The records should be repeated word for word, pictures excluded.

+++ DATA RECORDS

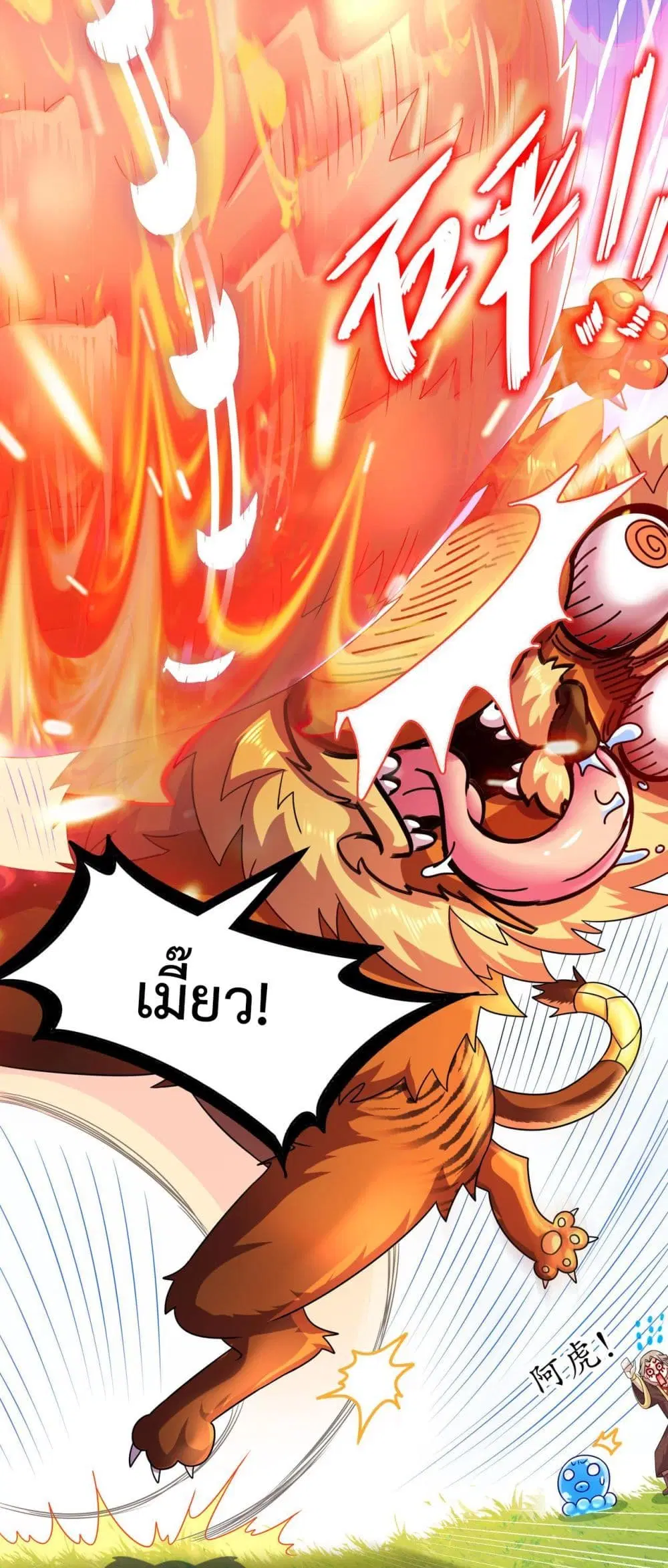 The Rebirth of My Emperor ตอนที่ 9 หน้า 2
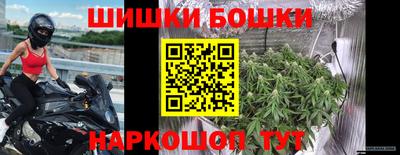 дмт Ликино-Дулёво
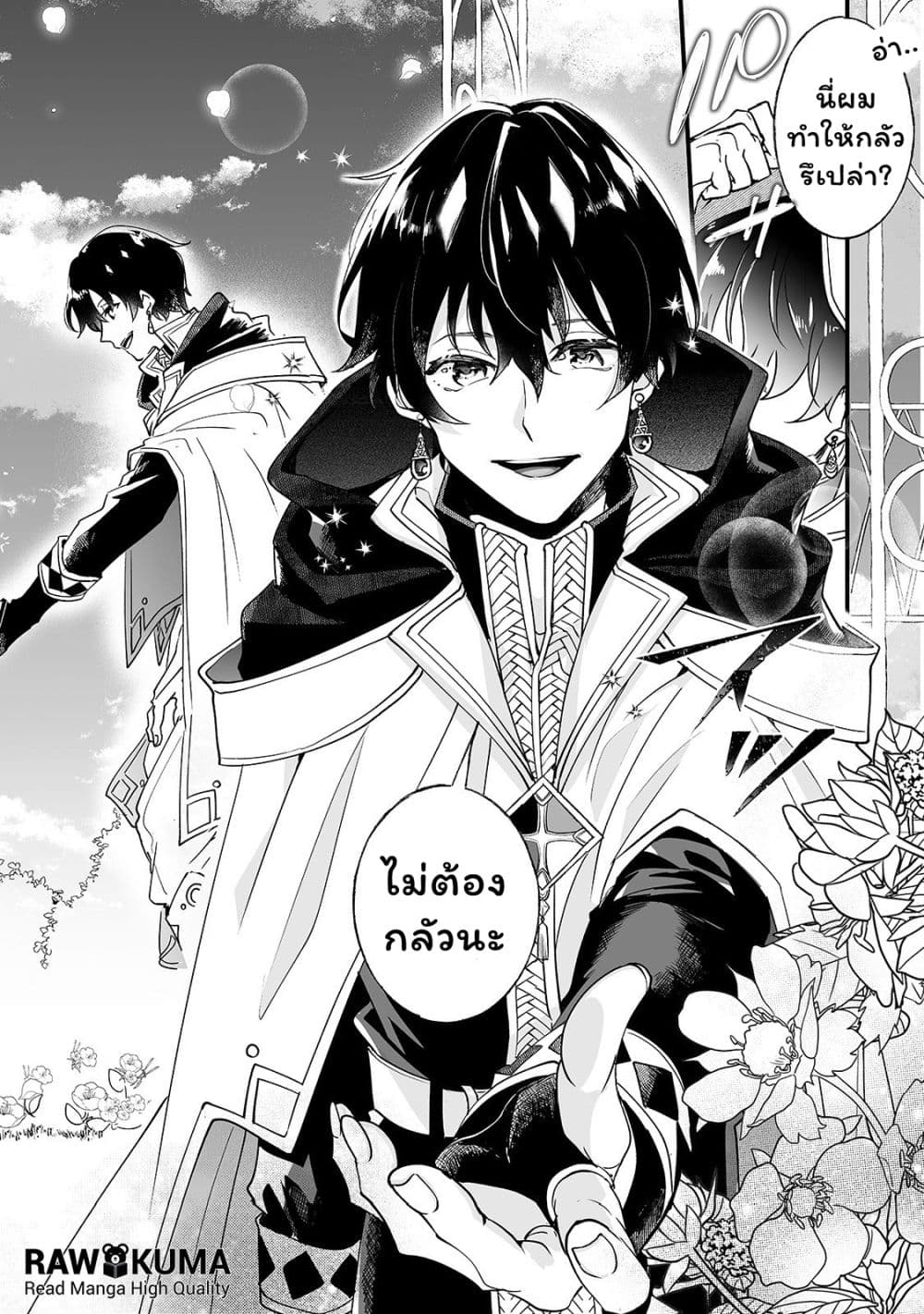 Nido to ie ni wa kaerimasen! page 19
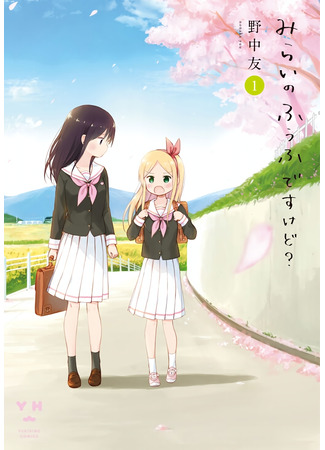 манга Мы будущие супруги, разве нет? (Mirai no Fuufu Desu Kedo?) 14.06.25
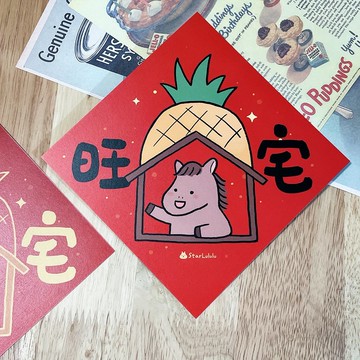 曼曼插畫春聯 / 大春貼 / 旺宅 / 單張入 雙面圖案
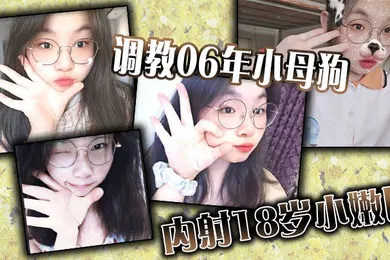 【SM调教】调教06年小母狗内射18岁小嫩比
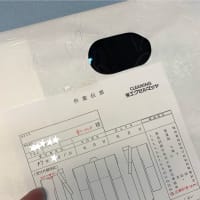 【正絹おかけ】が仕上がりました。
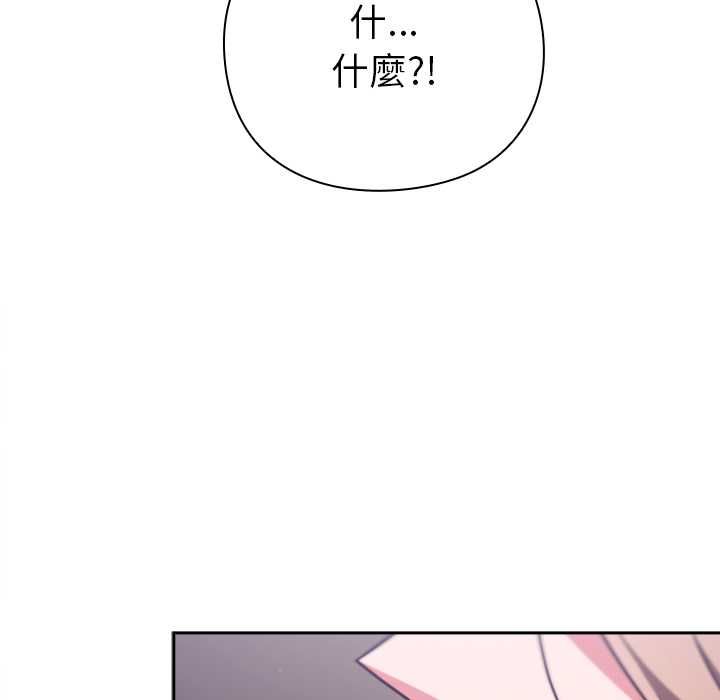 摸鱼生存指南第50話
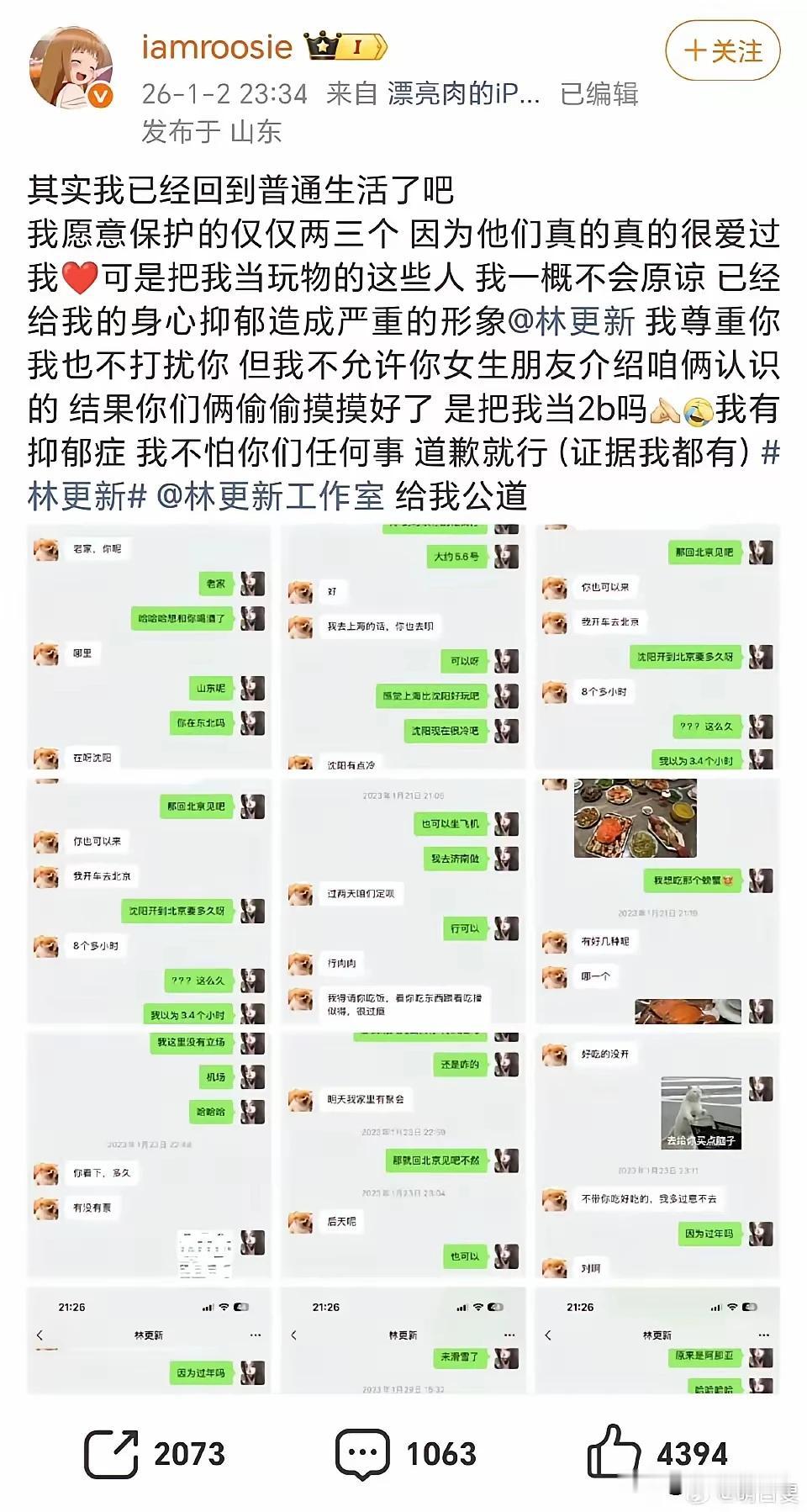 圈内共享，当初锤的秦霄贤，李汶翰，把他俩锤塌房了[我想静静]。手机有聊天记录，林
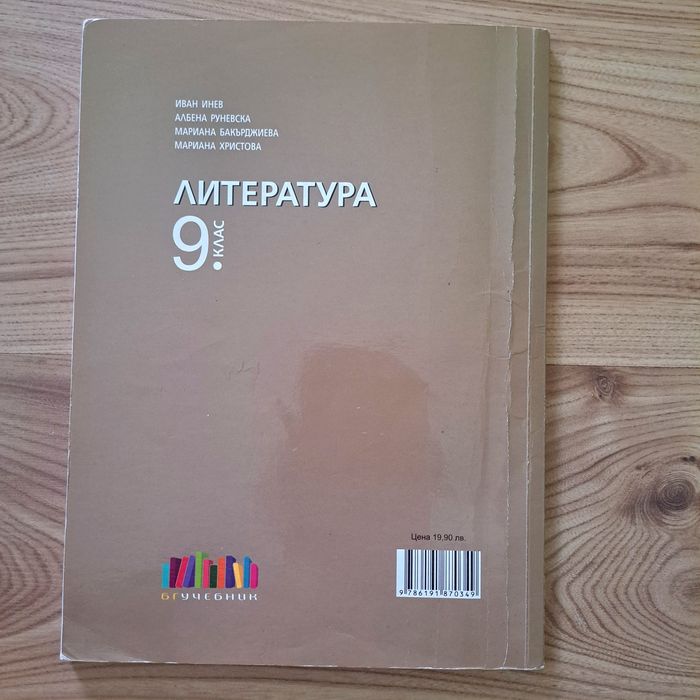 Учебници за 9. клас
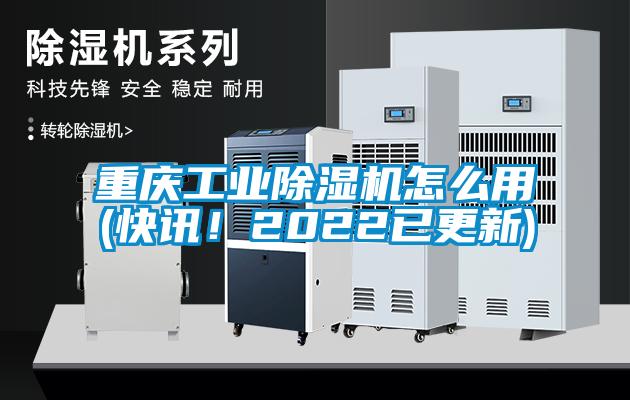 重慶工業除濕機怎么用(快訊!2022已更新)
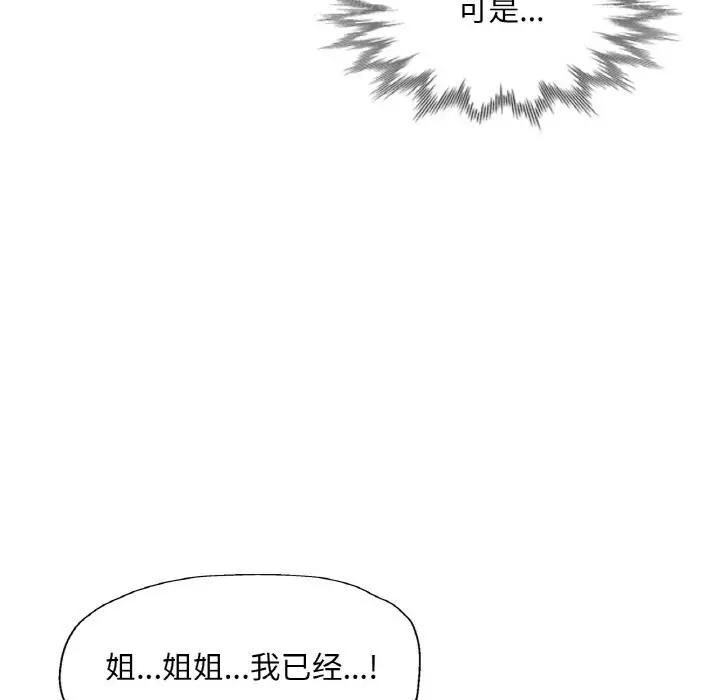 漫画《已嫁人的她》第37话第132张图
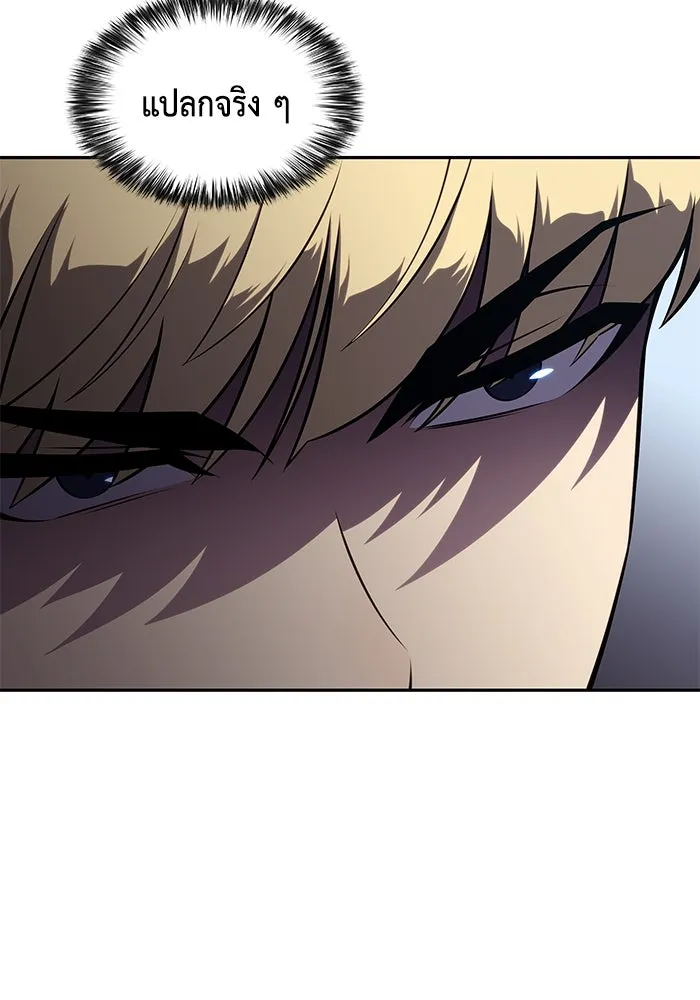 The Regressed Son of a Duke is an Assassin – ลูกชายคนเล็กของดยุกคือมือสังหาร Chap 29 - Next Chap 30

++++++

REPLY TO THE EXERCISE.
 The Rebirth of My Emperor ตอนที่ 9 หน้า 2
 дмт Ликино-Дулёво
 Nido to ie ni wa kaerimasen! page 19
 манга Мы будущие супруги, разве нет? (Mirai no Fuufu Desu Kedo?) 14.06.25
 曼曼插畫春聯 / 大春貼 / 旺宅 / 單張入 雙面圖案
 【SM调教】调教06年小母狗内射18岁小嫩比
 【正絹おかけ】が仕上がりました。
 摸鱼生存指南第50話
 圈内共享，当初锤的秦霄贤，李汶翰，把他俩锤塌房了[我想静静]。手机有聊天记录，林
 Учебници за 9. клас
 重慶工業除濕機怎么用(快訊!2022已更新)
 漫画《已嫁人的她》第37话第132张图
 The Regressed Son of a Duke is an Assassin – ลูกชายคนเล็กของดยุกคือมือสังหาร Chap 29 - Next Chap 30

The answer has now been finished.